One important thing to remember is to approach 2e with a developmental mindset. Just as the expression of disorders can change with age, so is also true of intellectual gifts. It is important to be observant. Take note of special skills that may show up in the child early on, but that may change or go underground later in life.
It is also important to consider three aspects of the measure being used to test for giftedness:
- It should be developmentally appropriate. Some tests are better suited for tapping skills in the very young vs. the older child
- There can be developmental change in test scores. Because the types of things that tests measure can change with age, and because a child’s brain takes time to mature, test scores can change. It is possible, for instance, for a child to test as gifted at the age of 5 years, and then no longer as gifted at the age of 7 years. This can be confusing, and in such situations it is important to not rely on any single aptitude test that is the same across years.
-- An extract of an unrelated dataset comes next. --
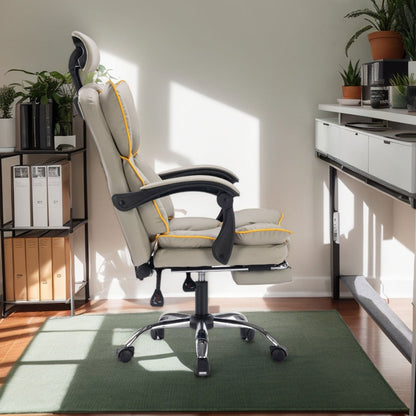 Executive Office Chair with Foot Rest High Back Office Chair Computer Gaming Chairs Black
- The assessment test should validly measure the correct skills. Some schools have a very set-in-stone test that they use to assess qualification for gifted services (and the gifted portion of the 2e equation). These tests can be quite limited in scope and may not tap broad and potential areas of giftedness. For example, nonverbal tests will not adequately measure high verbal intelligence, relying on superior scores on certain academic achievement tests may not do justice to gifts that do not manifest themselves in these school subjects, etc.
Therefore, if you suspect that a child may be learning disabled and gifted, it is often important to be as much an advocate for the child’s disability as it is for the child’s ability. In fact, it can be an even a harder struggle to get a learning disabled child services for their gifts than it can be for their disability!